BGP Route Filtering & Prefix Lists

Learn how BGP route filtering prevents route leaks and hijacks using prefix lists, AS-path filters, and IRR-based filtering.

Why Filter BGP Routes?

Without filtering, any BGP peer can announce any prefix. This has led to major incidents:

  • Route hijacks — An AS announces someone else's prefix, redirecting traffic.
  • Route leaks — A network accidentally re-advertises routes learned from one peer to another.
  • Table bloat — Accepting unnecessarily specific prefixes increases routing table size.

Proper filtering is not optional — it is the foundation of BGP security.

Prefix List Filtering

Prefix lists define which networks you accept or advertise:

# Cisco IOS: Only accept customer prefixes
ip prefix-list CUSTOMER-IN permit 203.0.113.0/24
ip prefix-list CUSTOMER-IN deny 0.0.0.0/0 le 32

# Apply to BGP neighbor
router bgp 65000
  neighbor 198.51.100.1 prefix-list CUSTOMER-IN in

Best practices: - Always filter inbound from customers — accept only their registered prefixes. - Filter inbound from peers — reject default route, bogons, your own prefixes. - Filter outbound to peers — advertise only your own and customer prefixes.

AS-Path Filtering

Filter based on the AS path (the sequence of ASNs a route has traversed):

# Accept routes originating from AS 64512
ip as-path access-list 10 permit ^64512$

# Reject routes with suspiciously long paths (>6 hops)
ip as-path access-list 20 deny _([0-9]+)_\1_  # Loop detection
ip as-path access-list 20 deny ^.{50,}$        # Path too long

IRR-Based Filtering

Internet Routing Registries (IRRs) like RADB, RIPE, and ARIN maintain databases of who is authorized to announce which prefixes. Automated tools generate prefix lists from IRR data:

# Generate prefix list from IRR using bgpq4
bgpq4 -4 -l CUSTOMER-IN AS64512
# Output: Cisco-format prefix list based on registered routes

# For BIRD
bgpq4 -4 -b -l CUSTOMER-IN AS64512

RPKI: Cryptographic Validation

Resource Public Key Infrastructure (RPKI) provides cryptographic proof of prefix ownership through Route Origin Authorizations (ROAs):

ROA: AS 64512 is authorized to originate 203.0.113.0/24 (maxLength /24)

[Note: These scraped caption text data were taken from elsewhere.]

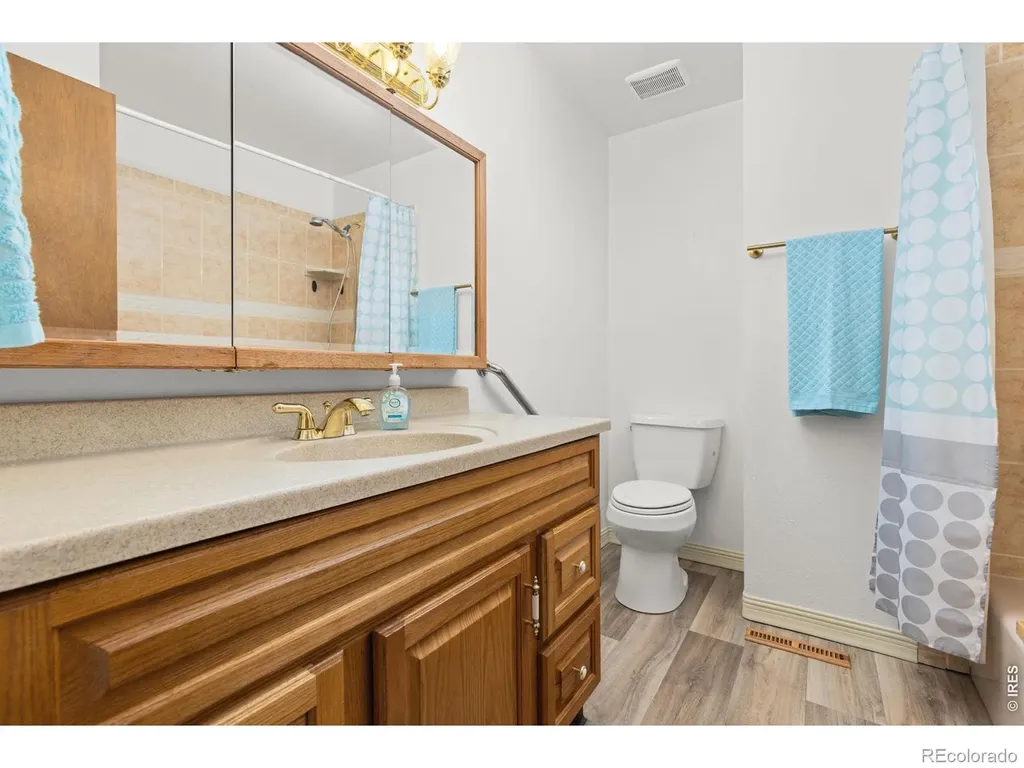 3351 Apple Avenue Loveland CO 80538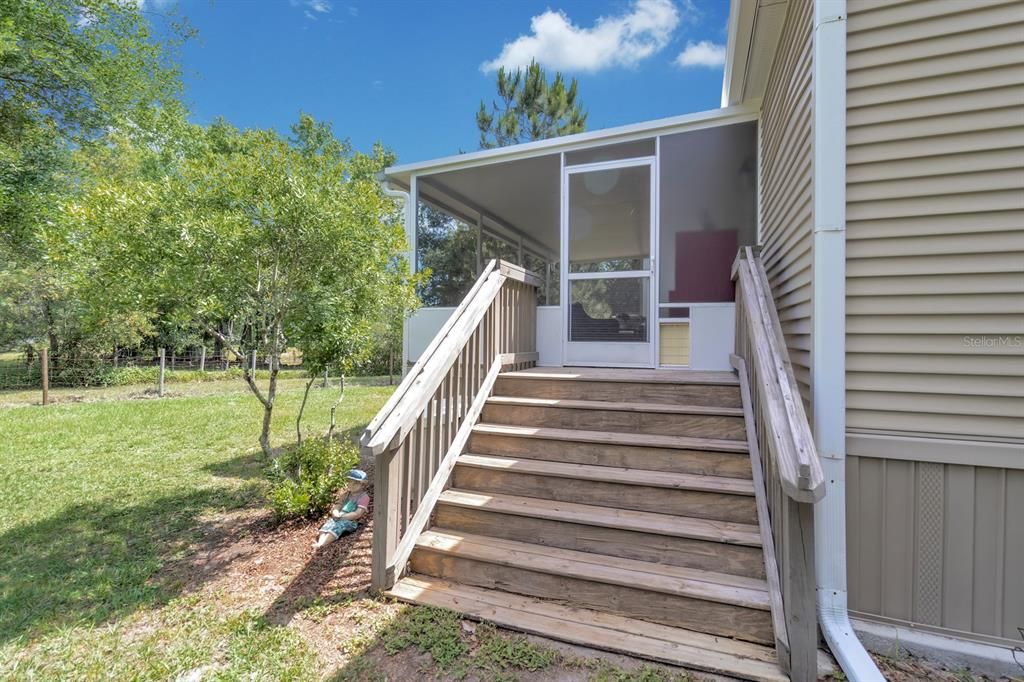 Active With Contract: $435,000 (4 beds, 2 baths, 1560 Square Feet)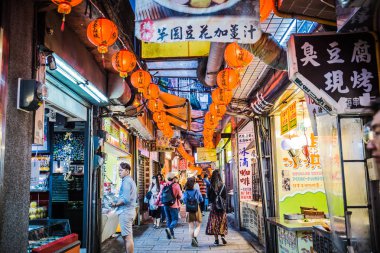 Jiufen, Tayvan - 6 Haziran 2018: Jiufen'deki dar alışveriş caddesinde yürüyen birçok turistin olduğu yoğun sokak sahnesi.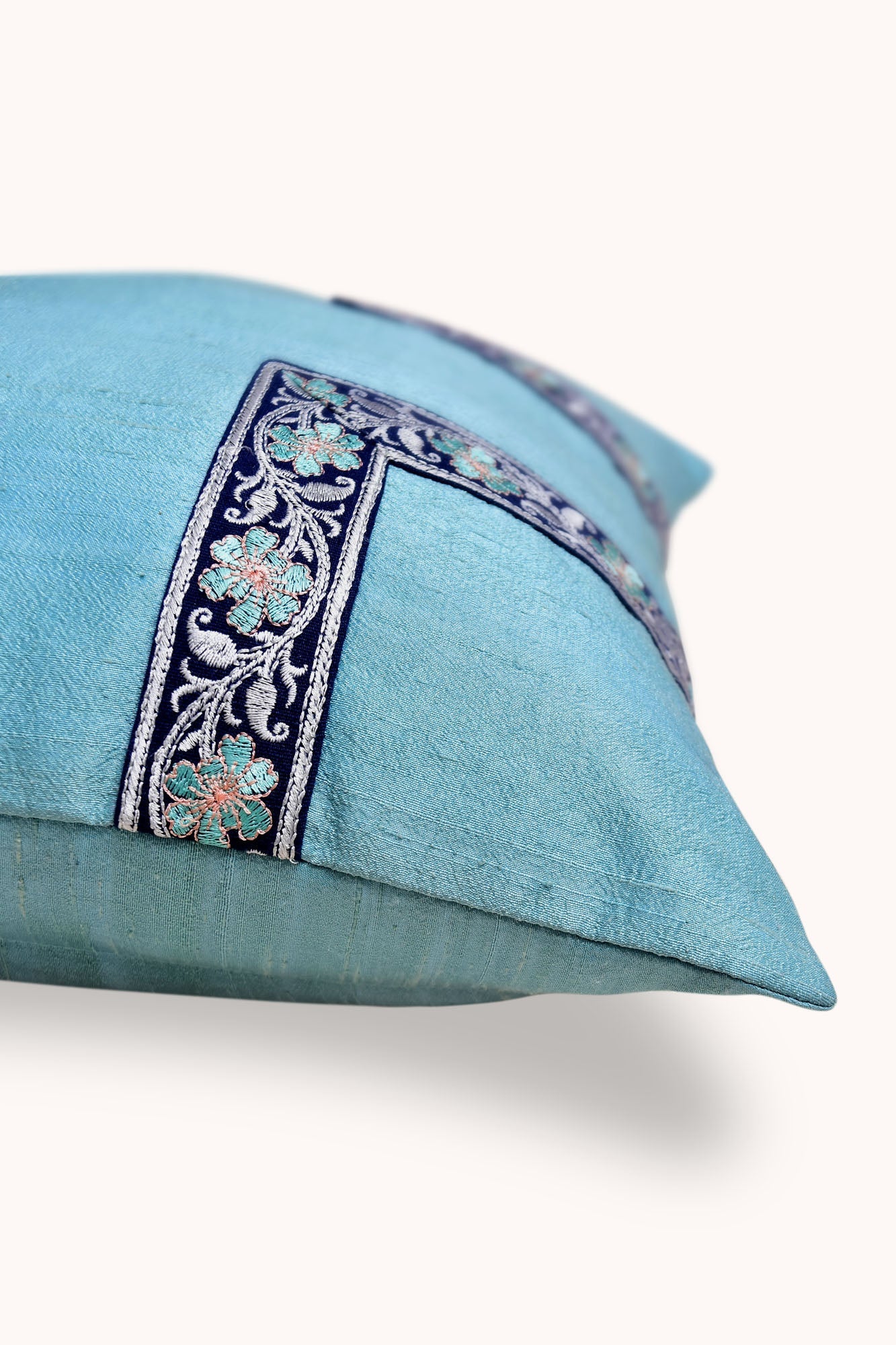 Crossvibe Handwoven Cushion -1 pc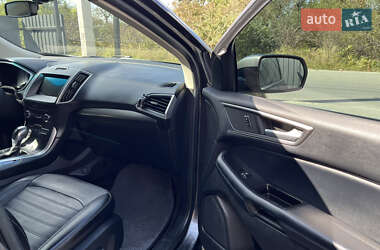 Позашляховик / Кросовер Ford Edge 2017 в 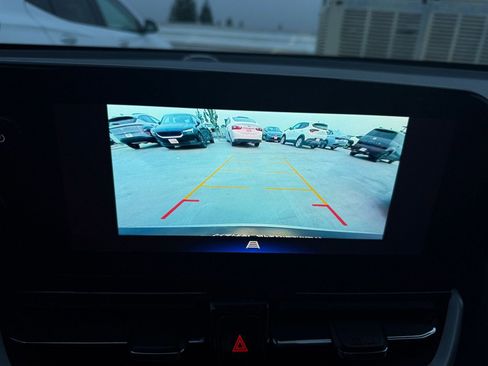 Used 2025 Chevrolet TrailBlazer LT image 16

Routers validate received routes against ROA data:

Validation State Action
Valid Accept (route matches ROA)
Invalid Reject (route conflicts with ROA)
Not Found Accept with lower preference
  1. Inbound from customers: Accept only their registered prefixes (IRR + RPKI).
  2. Inbound from peers: Reject bogons, default route, your own space. Validate with RPKI.
  3. Outbound to everyone: Advertise only your own prefixes and customer prefixes.
  4. Max-prefix limits: Set per-session limits to prevent table flooding.